Indeed, the walls of the Sukkah can’t be too high, or else they would provide too much shade. Nor, can they be too short or else they would not offer enough shade from the sun. Similarly, the roof of the Sukkah cannot offer so much shade that one would not be able to see the stars. However, the roof must offer enough shade from the sun and be able to withstand most strong winds. All of these laws point to a concerted attempt to create an emotional and physical balance for us where we feel both vulnerable and protected.
I have been thinking about how teachers have to strike this balance as well. Of course, students must feel safe in their learning environments. However, teachers need to work hard for students to feel a little bit uncomfortable in their learning environments. Students need to feel that they are being stretched, that they are able to take risks and that they are not always given every single tool or step necessary to solve a problem. At the same time, they need to know that their teachers are their to support them, that mistakes are welcomed and appreciated in their communities, and that they always have someone to go to if they get stuck.
This past week, I saw our teachers creating these “Sukkah” like environments in their classrooms. In Kindergarten, I saw Ms. Debra teach students the skill of inference while practicing estimating the number of beans in a jar. At some point in the lesson, the students were far off in their estimations, and although the teacher could have given the students obvious hints to get a more accurate answer, she chose to have them count the beans and form an empirical, student-driven understanding of the concept of inference in estimation. Similarly in 4th grade, students were conducting an experiment with Ms.

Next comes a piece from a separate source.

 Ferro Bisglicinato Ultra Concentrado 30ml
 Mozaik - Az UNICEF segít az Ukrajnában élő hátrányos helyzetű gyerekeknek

Braitman and were tasked with determining the impact of different masses of water on a land formation. Students were given very few hints on the accurate answers and assessments of the experiment. Ms. Braitman masterfully led them in an exercise where they made incorrect assumptions about the experiment and learned by reflecting on their thinking.
As we continue celebrating this beautiful holiday, let us all think about how we can bring the spirit of balancing vulnerability with safety to our lives and the way we learn.